Often when an outsider thinks of Africa, they imagine a grassy landscape with herds of zebra, enormous elephants, and lions preying on gazelle. They envision a relatively unpopulated world of thatched huts, towering giraffes, and tourists wearing rather unflattering safari hats. For the most part, this is rarely the case. Africa has now become a continent of many highly populated cities, networks of roads and highways, cellular phones, and the Internet. This is not to say, however, that the grassy landscapes full of wildlife no longer exist, and when Amizade volunteers travel across Tanzania through the Serengeti, they have an opportunity to experience the excitement of a safari adventure.

The word Serengeti originates from the Massai word “serengit”, which means “Endless Plains”. Given the 30,000 square kilometers that this ecosystem spans, from northern Tanzania to southwestern Kenya, the name is fitting. The Serengeti is an immense and diverse landscape full of forests, swamps, grasslands, and woodlands, as well as over 70 different species of mammal and nearly 500 species of bird. The area is also home to the Great Migration, an annual migration of over 2 million mammals, including wildebeest and zebra, which is considered one of the ten natural travel wonders of the world. Amizade volunteers have the chance to journey on safari vehicles across this extraordinary region, as they travel from the Karagwe District in northern Tanzania to the stunning beaches of Zanzibar. During their excursion, volunteers get to witness the immensity of wildlife, as well as marvel at the vast beauty of the landscape. West Virginia University student, Kelsey Openheimer, who spent the past Spring Semester with Amizade in Tanzania, discussed her safari experience: “The safari trip in Tanzania definitely exceeded my expectations. Some of the most exciting wildlife that we saw were lions, elephants, many wildebeest, and a cheetah in the distance”. Kelsey went on to describe one of the more incredible aspects of the safari in the Serengeti: “A really exciting part of the trip was camping near the Ngorongoro Crater, and being able to wake up to the view of the crater. I would definitely recommend the safari trip to anyone who hasn’t gone”.

The safari trip across the Serengeti is a significant aspect of an Amizade program in Tanzania, a well-rounded program full of important service and exciting adventure.
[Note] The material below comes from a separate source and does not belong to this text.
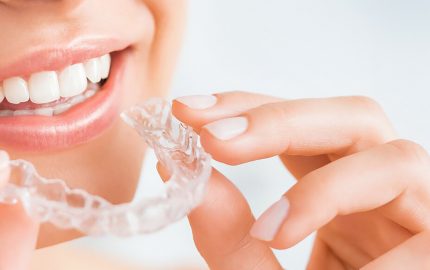 Invisalign Kimlere Yapılır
Understanding the environment and landscape of a region is vital to understanding its culture and people. When Amizade volunteers travel across the Tanzania and through the Serengeti, they are able to take in the vastness of the region and gain a better knowledge of the environment and the people within. Though many parts of Africa are transitioning from small villages and open grasslands to dense urban centers and major highways, it is important to see that these extraordinary natural regions still exist, still full of marvelous wildlife and adventure.